Israël a un problème
interne que la guerre du Liban a exacerbé. Dans un pays normal,
l'échec de ce conflit aurait dû susciter un débat, non sur la
tactique, mais sur la stratégie. Or pour l'instant, malgré le
discrédit qu'ont entraîné leurs erreurs sur le terrain, les
militaires et les «faucons» ont été renforcés
politiquement. 2007 doit aussi être pour Israël l'année de la
reconquête de l'opinion publique mondiale. Sur ce plan, 2006 a
été catastrophique. Le crédit de l'Etat hébreu a encore
diminué.

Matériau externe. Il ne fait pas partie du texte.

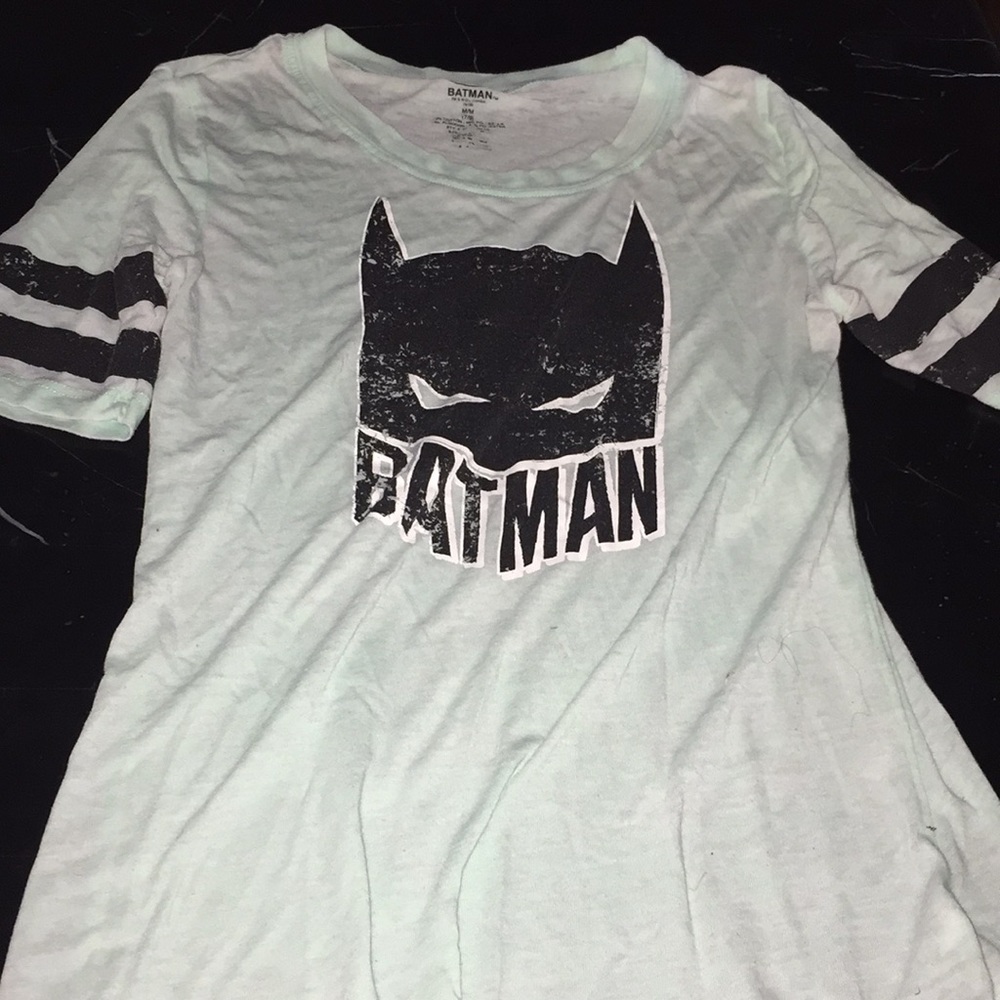 Batman baseball Tee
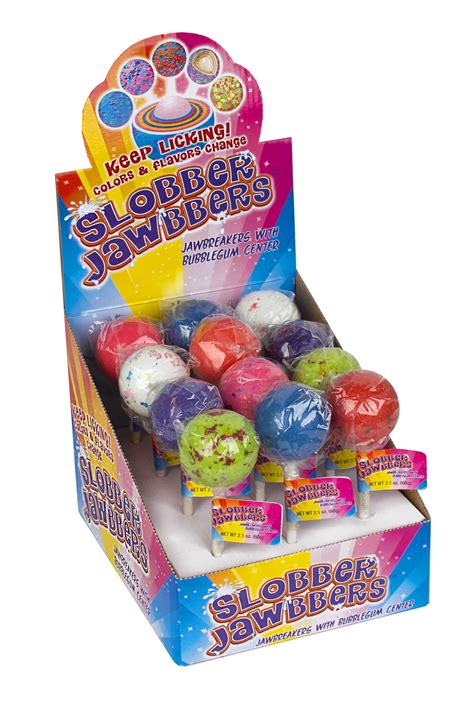 Slobber Jawbbers - Slobber Jawbbers - Squire Boone Village Products ...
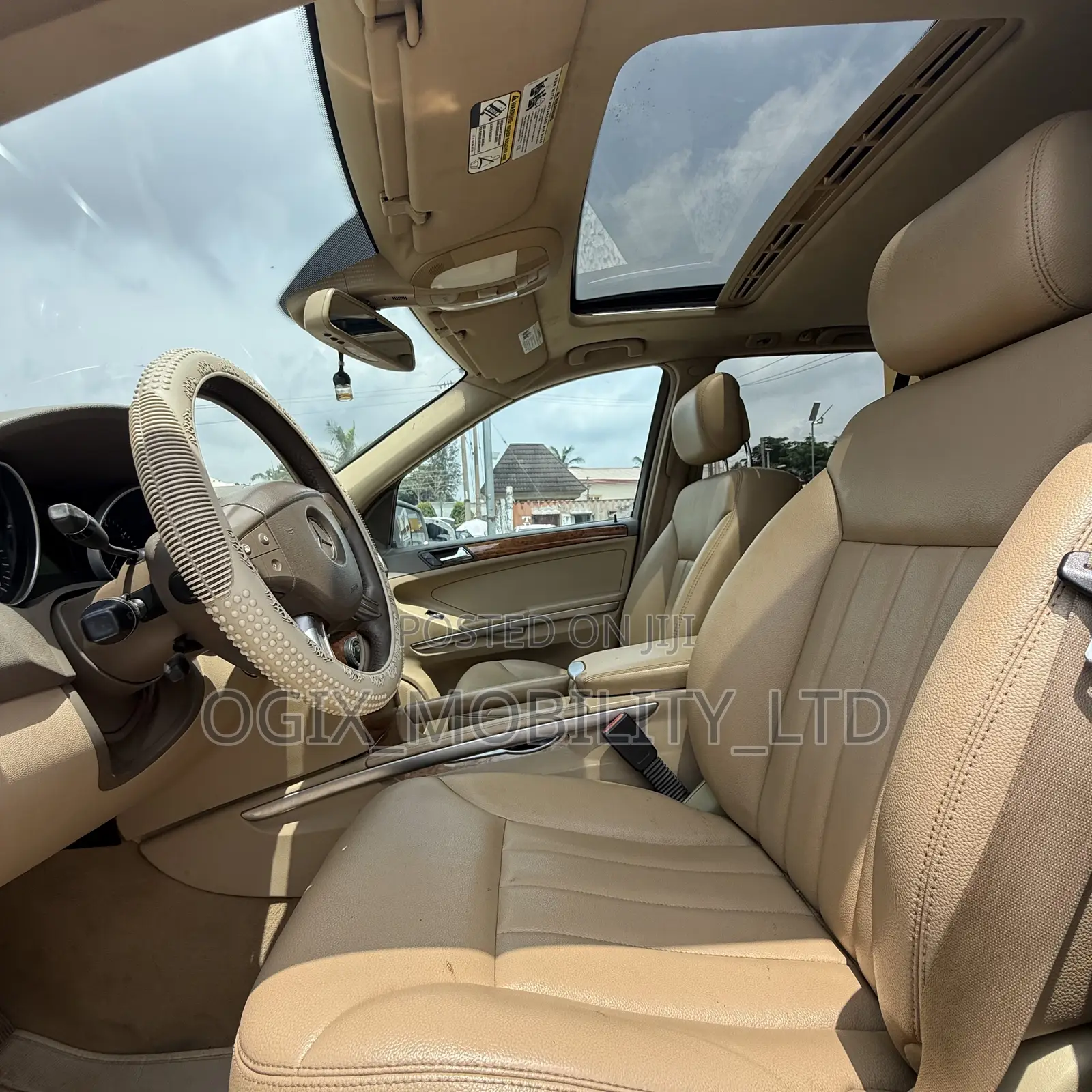Mercedes-Benz M Class ML 350 4Matic 2008 Gray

Une partie de ses avocats se sont radicalisés. Il y a
urgence.
On
connaît l'arme politique de destruction massive de Vladimir
Poutine: l'énergie. Mais les soupçons qui se portent sur les
services de renseignement russe après l'assassinat à Londres de
l'ex-espion Litvinenko ont encore plus terni son image. 2007, année
de tous les dangers à Moscou?
Le risque est là. On sent
bien que le pouvoir, à Moscou, est dans une logique de
restauration de l'ordre et de peur du vide tout à fait
contraire aux principes d'un Etat de droit tel que la Russie est
supposée être devenue. La tentation existe à Moscou de
pousser toujours plus loin le curseur en matière de restriction
des libertés démocratiques. Alors, oui: attention, danger.
Et
l'Union européenne? Ses blocages institutionnels peuvent-ils être
surmontés ces douze prochains mois?
2007 sera pour moi l'année
de la mort du projet de traité constitutionnel. Les Allemands
se trompent s'ils croient pouvoir lui redonner vie. L'originalité
de 2007 est toutefois qu'un nouveau consensus peut se dessiner
à Bruxelles, où la vision française - échec américain en
Irak oblige - peut profiter des événements. 2007 peut aussi être
l'année de l'Allemagne. Moins en raison de sa présidence pour
six mois de l'Union qu'à cause des atouts de Berlin. Désormais,
l'Allemagne intervient à l'étranger. Elle s'assume comme une
puissance. Il ne lui reste plus qu'à se désinhiber au
Proche-Orient pour devenir un acteur majeur tout à fait normal.